John Maynard Keynes wird 1883 im englischen Cambridge geboren. Sein Vater lehrt an der gleichnamigen Universität Mathematik und Ökonomie, die Mutter wird später sogar Bürgermeisterin der Stadt. Keynes wächst zwischen Kindermädchen, Ferienreisen und Konzertbesuchen auf. Während seiner Zeit auf dem Eton College wird sein Talent für die Mathematik entdeckt. Mit 19 Jahren tritt er ins Kings College der Universität Cambridge ein. Zunächst studiert er Mathematik, später Nationalökonomie. Obwohl er in Jugendjahren immer davon geträumt hat, Eisenbahntycoon zu werden, entscheidet er sich zunächst für die Beamtenlaufbahn.

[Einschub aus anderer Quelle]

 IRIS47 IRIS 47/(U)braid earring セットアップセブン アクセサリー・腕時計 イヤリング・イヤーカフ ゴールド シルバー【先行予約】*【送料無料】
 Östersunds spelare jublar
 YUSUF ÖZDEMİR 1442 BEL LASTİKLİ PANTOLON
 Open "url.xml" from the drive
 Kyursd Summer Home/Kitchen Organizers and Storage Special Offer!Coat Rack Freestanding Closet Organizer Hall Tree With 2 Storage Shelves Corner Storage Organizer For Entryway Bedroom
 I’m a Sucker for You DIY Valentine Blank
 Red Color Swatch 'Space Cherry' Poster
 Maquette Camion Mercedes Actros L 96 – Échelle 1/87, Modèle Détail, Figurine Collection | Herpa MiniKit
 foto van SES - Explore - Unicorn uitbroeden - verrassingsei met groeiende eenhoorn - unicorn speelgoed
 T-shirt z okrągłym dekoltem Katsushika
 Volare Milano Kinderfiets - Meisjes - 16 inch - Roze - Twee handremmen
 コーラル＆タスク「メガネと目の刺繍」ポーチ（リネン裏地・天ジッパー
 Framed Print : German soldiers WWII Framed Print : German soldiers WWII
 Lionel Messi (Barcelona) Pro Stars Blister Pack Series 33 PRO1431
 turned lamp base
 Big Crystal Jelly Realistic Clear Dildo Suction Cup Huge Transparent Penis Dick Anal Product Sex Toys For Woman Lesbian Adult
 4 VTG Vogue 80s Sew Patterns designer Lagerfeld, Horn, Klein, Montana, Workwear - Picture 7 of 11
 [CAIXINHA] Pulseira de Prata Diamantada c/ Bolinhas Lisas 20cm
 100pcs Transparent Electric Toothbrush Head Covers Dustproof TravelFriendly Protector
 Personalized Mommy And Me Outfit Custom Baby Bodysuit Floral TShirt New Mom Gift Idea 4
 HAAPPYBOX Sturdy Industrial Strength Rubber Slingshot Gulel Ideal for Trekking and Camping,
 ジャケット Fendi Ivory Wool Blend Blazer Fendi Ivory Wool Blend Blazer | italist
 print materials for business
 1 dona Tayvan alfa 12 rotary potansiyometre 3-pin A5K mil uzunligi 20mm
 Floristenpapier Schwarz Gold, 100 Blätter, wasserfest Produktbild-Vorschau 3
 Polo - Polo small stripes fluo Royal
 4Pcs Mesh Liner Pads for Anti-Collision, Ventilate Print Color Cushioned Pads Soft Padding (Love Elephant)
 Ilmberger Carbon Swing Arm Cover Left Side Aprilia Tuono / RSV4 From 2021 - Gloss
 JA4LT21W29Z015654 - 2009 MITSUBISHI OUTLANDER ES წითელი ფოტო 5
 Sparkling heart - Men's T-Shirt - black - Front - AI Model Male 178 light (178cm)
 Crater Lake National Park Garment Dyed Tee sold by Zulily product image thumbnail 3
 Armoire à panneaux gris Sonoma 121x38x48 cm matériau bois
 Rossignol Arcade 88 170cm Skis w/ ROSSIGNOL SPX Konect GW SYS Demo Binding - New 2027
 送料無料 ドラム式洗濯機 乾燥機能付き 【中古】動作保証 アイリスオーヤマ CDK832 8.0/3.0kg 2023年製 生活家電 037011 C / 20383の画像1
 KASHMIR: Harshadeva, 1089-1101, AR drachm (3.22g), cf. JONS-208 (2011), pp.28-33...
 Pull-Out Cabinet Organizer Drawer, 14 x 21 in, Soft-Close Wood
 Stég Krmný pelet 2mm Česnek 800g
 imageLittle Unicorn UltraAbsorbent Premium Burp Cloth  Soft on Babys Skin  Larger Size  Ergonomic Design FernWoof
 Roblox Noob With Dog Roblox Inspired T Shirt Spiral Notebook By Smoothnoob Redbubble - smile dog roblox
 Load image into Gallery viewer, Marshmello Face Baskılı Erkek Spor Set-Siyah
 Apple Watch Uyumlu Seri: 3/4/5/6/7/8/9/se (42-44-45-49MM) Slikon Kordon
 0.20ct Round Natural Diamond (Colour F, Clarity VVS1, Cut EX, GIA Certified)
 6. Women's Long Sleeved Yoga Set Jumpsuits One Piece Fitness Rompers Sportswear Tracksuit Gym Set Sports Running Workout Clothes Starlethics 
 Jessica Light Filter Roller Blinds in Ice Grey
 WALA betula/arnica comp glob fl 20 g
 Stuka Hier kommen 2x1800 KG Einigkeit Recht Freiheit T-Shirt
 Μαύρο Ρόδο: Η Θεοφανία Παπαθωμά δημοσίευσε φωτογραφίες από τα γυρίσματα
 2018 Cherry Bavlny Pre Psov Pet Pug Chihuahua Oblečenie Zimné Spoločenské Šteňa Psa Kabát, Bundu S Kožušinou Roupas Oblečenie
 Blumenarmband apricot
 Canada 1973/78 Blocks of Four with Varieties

Doch die Tätigkeit im Indien-Ministerium erweist sich als dröger Schreibtischjob. 1909 schliesslich erlöst ihn der grosse Ökonom Alfred Marshall, indem er ihn zum Professor in Cambridge ernennt. Während des Ersten Weltkriegs übernimmt der Kriegsdienstverweigerer Keynes einen Posten im Schatzamt. 1919 wird er zu den Pariser Friedensverhandlungen entsendet. Nach seiner Rückkehr macht Keynes Schlagzeilen, weil er die Deutschland auferlegten Reparationszahlungen als zu hoch kritisiert. 1921 erobert er die Klatschspalten durch seine Hochzeit mit der russischen Balletttänzerin Lydia Lopokowa; doch die Ehe hält bis zu seinem Tod.

Auf dem Höhepunkt der Weltwirtschaftskrise 1936 erscheint seine «General Theory of Employment, Interest and Money», die sich sofort zum Verkaufsschlager entwickelt. Die nächsten zehn Jahre verbringt der Volkswirt damit, die darin aufgestellten Thesen auszuarbeiten und Politikern weltweit nahe zu bringen.

Daneben engagiert ihn die britische Regierung immer wieder als Berater. Keynes sitzt 1944 bei der legendären Währungskonferenz im amerikanischen Bretton Woods am Tisch; pendelt ständig über den Atlantik. 1946 fordert das hektische Leben seinen Tribut. Keynes stirbt mit nur 62 Jahren an einem Herzanfall. (cg)



Zitate: Was würde John Maynard Keynes sagen...

... zum Streit um die richtige Wirtschaftspolitik?

«Praktiker, die sich für frei von intellektuellen Einflüssen halten, sind gewöhnlich Sklaven irgendeines verblichenen Ökonomen.»

... zu Konjunkturprognosen?

«Die Volkswirtschaftslehre macht es sich zu leicht (...), wenn sie uns in stürmischen Zeiten nur sagen kann, dass der Ozean wieder ruhig wird, nachdem der Sturm vorüber ist.»

... zum Spekulieren an der Börse?

«Erfolgreiches Investieren bedeutet, zu antizipieren, was die anderen antizipieren.»

... zu Schweizer Bankkonten?

«Steuervermeidung ist immer noch die einzige intellektuelle Beschäftigung, die sich auszahlt.»